The statute also applies where separate support is involved. Gallup v. Gallup, 271 Mass. 252 , 257 (1930). Briggs v. Briggs, 319 Mass. 149 , 153 (1946).
[Note 5] It should be noted that where a parent has not sought permission to remove, and has violated a court order prohibiting removal, trial judges have no discretion to order a change in custody solely because of the violation. Hersey v. Hersey, 271 Mass. 545 , 555 (1930). Heard v. Heard, 323 Mass. 357 , 377-378 (1948). Haas v. Puchalski, 9 Mass. App. Ct. 555 , 557 (1980). See also Masters v. Craddock, 4 Mass. App. Ct. 426 , 428-429 (1976).
[Note 6] Because of these conclusions, we need not consider any constitutional questions raised by the wife. But see Gallup v. Gallup, 271 Mass. 252 , 258 (1930), and Rubin v. Rubin, 370 Mass. at 858.

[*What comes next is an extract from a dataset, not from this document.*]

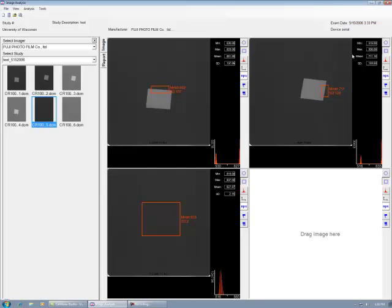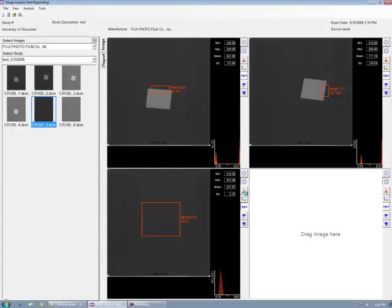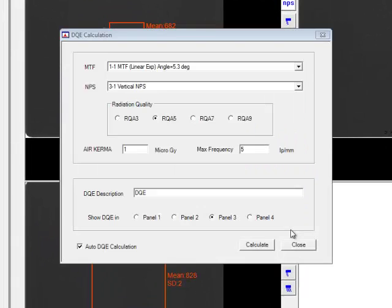If the NPS is desired, press the NPS button in the third panel. Because it is performing calculations, it may take a few seconds to open. When the screen opens, select the panel where you want the DQE graph to appear. In this case, it will be in panel 4.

[Note 7] There is much variation in the cases, and we have concluded that such variation is more dependent on the factors considered important by the court than on the wording of the relevant statute, if any. Some courts presume that decisions of the custodial parent reasonably made in good faith are made in the best interests of the child. E.g., Bernick v. Bernick, 31 Colo. App. 485, 487-488 (1972) (move was within State). Others allow the child to accompany the custodial parent whenever the custodian has a legitimate reason consistent with the best interests of the child. E.g., Jafari v. Jafari, 204 Neb. 622, 624 (1979); Matter of Ehlen, 303 N.W.2d 808, 810 (S.D. 1981). Still others require a showing that the move benefits the child (rather than the parent) before the move will be allowed. E.g., Meier v. Meier, 286 Or. 437, 447-448 (1979); Fritschler v. Fritschler, 60 Wis. 2d 283, 287-288 (1973).
[Note 8] The conclusion reached in D’Onofrio and in other cases that the interests of the child are closely interwoven with those of the custodial parent is consistent with psychological studies of children of divorced or separated parents. One researcher has concluded, “Of all factors related to the child’s way of coping with loss [of a parent because of divorce or death], the role of the home parent seemed most central. Some years after the divorce or death, the well-being of the child appeared closely related to the well-being of the [home] parent.” Tessman, Children of Parting Parents 516 (1978). Other investigators have found that there is an increased emotional dependence on the custodial parent after divorce and that children of all ages “were in trouble” when the home parent-child relationship was affected by stress on the home-parent, such as “loneliness and discouragement.” Wallerstein & Kelley, Surviving the Breakup 114, 224-225 (1980).